MPP Scale-Out And Distributed Queries

Vertica is not just an analytical database; it is a distributed, ‘shared-nothing’ analytical database capable of running on clusters of inexpensive, off-the-shelf servers, Amazon and Azure Cloud servers, and Hadoop. Its performance can not only be tuned with features like resource pools and projections, but it can be scaled simply by adding new servers to the cluster.

Data within a table may be spread across a Vertica cluster either by replicating the data across all nodes or by ‘segmenting’ the data by attribute values using a consistent hashing schema. This allows many classes of joins to be performed without moving the data across the network. Vertica considers CPU, network and storage access costs when optimising query plans, and parallelizes computation based on SQL’s JOIN keys, GROUP BY keys, and PARTITION BY keys.

Clustering speeds up performance by parallelizing querying and loading across the nodes in the cluster for higher throughput.

Clustering also allows the database to maintain RAID-like high availability in case one or more nodes are down and no longer part of the quorum. This provides a robust mechanism to ensure little to no downtime as multiple copies of same data are stored on different nodes.
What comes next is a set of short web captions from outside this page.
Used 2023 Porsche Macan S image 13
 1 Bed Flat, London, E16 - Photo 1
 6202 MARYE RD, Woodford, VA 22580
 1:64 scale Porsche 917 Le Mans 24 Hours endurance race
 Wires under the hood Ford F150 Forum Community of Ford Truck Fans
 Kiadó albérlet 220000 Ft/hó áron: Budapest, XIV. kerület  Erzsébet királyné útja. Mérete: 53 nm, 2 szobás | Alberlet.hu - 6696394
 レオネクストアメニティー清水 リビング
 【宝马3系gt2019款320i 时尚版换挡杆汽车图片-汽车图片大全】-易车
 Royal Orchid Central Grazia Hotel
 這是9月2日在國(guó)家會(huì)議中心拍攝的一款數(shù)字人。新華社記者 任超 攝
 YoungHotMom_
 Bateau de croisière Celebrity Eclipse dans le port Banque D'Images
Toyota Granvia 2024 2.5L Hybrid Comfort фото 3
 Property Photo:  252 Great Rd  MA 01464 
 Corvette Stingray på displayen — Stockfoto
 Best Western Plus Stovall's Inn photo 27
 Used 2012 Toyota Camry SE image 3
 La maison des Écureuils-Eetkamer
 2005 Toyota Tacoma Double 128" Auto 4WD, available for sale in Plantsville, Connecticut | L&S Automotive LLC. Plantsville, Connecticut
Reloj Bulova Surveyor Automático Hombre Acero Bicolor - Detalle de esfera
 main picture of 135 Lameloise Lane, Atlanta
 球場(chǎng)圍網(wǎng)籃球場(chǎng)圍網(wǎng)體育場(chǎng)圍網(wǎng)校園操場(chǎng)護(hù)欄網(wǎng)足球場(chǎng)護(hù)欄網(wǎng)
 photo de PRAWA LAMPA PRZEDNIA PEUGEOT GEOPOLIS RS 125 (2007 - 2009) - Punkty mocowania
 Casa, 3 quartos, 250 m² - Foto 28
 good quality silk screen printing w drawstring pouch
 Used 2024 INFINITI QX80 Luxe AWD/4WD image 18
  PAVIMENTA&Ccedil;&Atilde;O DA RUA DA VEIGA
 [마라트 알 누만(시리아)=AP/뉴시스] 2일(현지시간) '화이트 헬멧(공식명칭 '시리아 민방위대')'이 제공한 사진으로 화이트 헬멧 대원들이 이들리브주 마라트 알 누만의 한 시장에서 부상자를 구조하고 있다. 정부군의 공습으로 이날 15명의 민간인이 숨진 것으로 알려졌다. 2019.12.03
The traditional method to ensure that a database system can recover from a crash is to use logging and (in the case of a distributed databases), a protocol called two-phase commit. The main idea is to write in a sequential log a log record for each update operation before the operation is actually applied to the tables on the disk. These log records are a redundant copy of the data in the database, and when a crash occurs, they can be replayed to ensure that transactions are atomic – that is, all of the updates of a transaction appear to have occurred, or none of them do. The two-phase commit protocol is then used to ensure that all of the nodes in a distributed database agree that a transaction has successfully committed; it requires several additional log records to be written. Log-based recovery is widely used in other commercial systems, as it provides strong recoverability guarantees at the expense of significant performance and disk space overhead. Vertica has a unique approach to distributed recoverability that avoids these costs. The basic idea is to exploit the distributed nature of a Vertica database. The Vertica DB Designer ensures that every column in every table in the database is stored on at least k+1 machines in the Vertica cluster. We call such a database k-safe, because if k machines crash or otherwise fail, a complete copy of the database is still available. As long as k or fewer machines fail simultaneously, a crashed machine can recover its state by copying data about transactions that committed or aborted while it was crashed from other machines in the system. This approach does not require logging because nodes replicating the data ensure that a recovering machine always has another (correct) copy of the data to compare against, replacing the role of a log in a traditional database. As long as k-safety holds, there is always one machine that knows the correct outcome (commit or abort) of every transaction. In the unlikely event that the system loses k-safety, Vertica brings the database back to a consistent point in time across all nodes. K-safety also means that Vertica is highly available: it can tolerate the simultaneous crash of up to any k machines in a grid without interrupting query processing. The value of k can be configured to provide the desired trade-off between hardware costs and availability guarantees.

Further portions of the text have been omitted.